François-Xavier Bellamy : "Nous menons un bras de fer continuel"
Quelle est votre vision de l’artisanat ?
L’artisanat tient un rôle majeur dans l’économie française, en particulier dans un moment où le défi pour notre pays est de recommencer à produire.
En parallèle de la relance industrielle, l’artisanat détient une clé essentielle pour cela : il constitue un gisement d’emplois et de savoir-faire exceptionnels.
Mais sa valeur n’est pas seulement économique : la différence primordiale entre industrie et artisanat, c’est l’attention singulière que ce dernier porte à la matière qu’il travaille, au geste de la main qui donne une forme unique à l’œuvre qui s’accomplit…
Un rôle décisif dans la résistance à la standardisation et à l’uniformisation du monde ! Ce sens du particulier, de la liberté créatrice, de la réalisation personnelle… sont essentiels pour l’avenir de notre économie, mais aussi de notre civilisation.
En tant que député au Parlement européen, quelles actions menez-vous en faveur de l’artisanat français ?
La multiplication des normes voulues par la Commission européenne fait encourir un vrai risque à l’artisanat. Le monde de l’industrie sait se faire entendre, mais, pour les filières artisanales, nous menons un bras de fer continuel.
J’ai par exemple déposé un amendement pour imposer une exemption à une directive interdisant le plomb, ce qui serait fatal aux vitraillistes : cet amendement a été voté avec deux voix d’avance, sur plus de 600 votants.
D’autres menaces pèsent-elles actuellement sur nos savoir-faire ?
La révision du règlement sur les produits de construction est très inquiétante : elle imposerait le marquage CE sur tous ces produits, même dans l’artisanat, qui en était exempté. Comment un artisan qui fabrique des pièces uniques pourrait-il gérer les procédures coûteuses que supposerait l’homologation de chacune d’elles ?
Ce projet, très soutenu par l’industrie, est en cours de discussion (Interviewée réalisée début mars.).
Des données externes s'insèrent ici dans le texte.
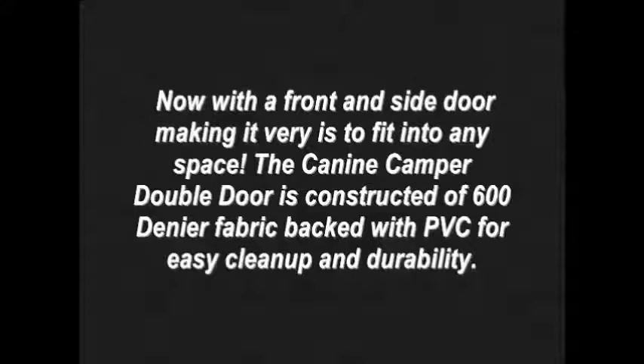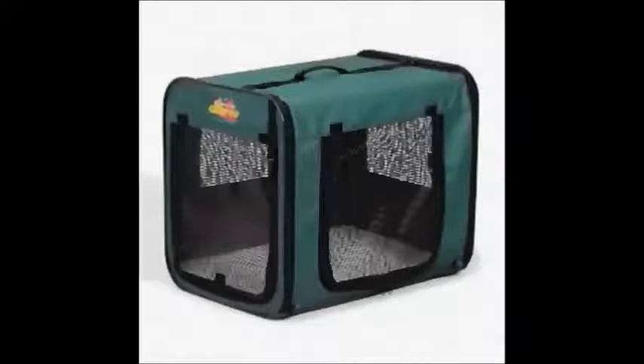The K9 Camper Double Door is constructed of 600 denier fabric backed with PVC for easy cleanup and durability. An average customer rating of 5 stars makes this a must-have item.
Je regrette que le gouvernement français le promeuve, comme d’autres textes similaires.
L’artisanat peine à recruter. Quels seraient les moyens de redonner de la valeur à la voie professionnelle ?
Nous vivons une crise éducative très importante. Il y aurait beaucoup à faire concernant l’orientation des élèves, la découverte des métiers manuels, la valorisation des parcours et des salaires.
Le plus important me semble de sortir de notre passion cartésienne pour la pensée abstraite, et redécouvrir l’intelligence de la main. Aristote montrait, au IVe siècle avant JC, que l’esprit humain se lit d’abord dans l’œuvre de ses mains.
BIOGRAPHIE
- 2005. Intègre l’École normale supérieure.
- 2008. Reçu à l’agrégation de philosophie, il devient adjoint au maire de Versailles.
- 2014. Les Déshérités ou l’urgence de transmettre sort chez Plon.
- 2018. Publication de Demeure, chez Grasset.
- 2019. Élu au Parlement européen où il devient chef de file des députés Les Républicains (groupe PPE).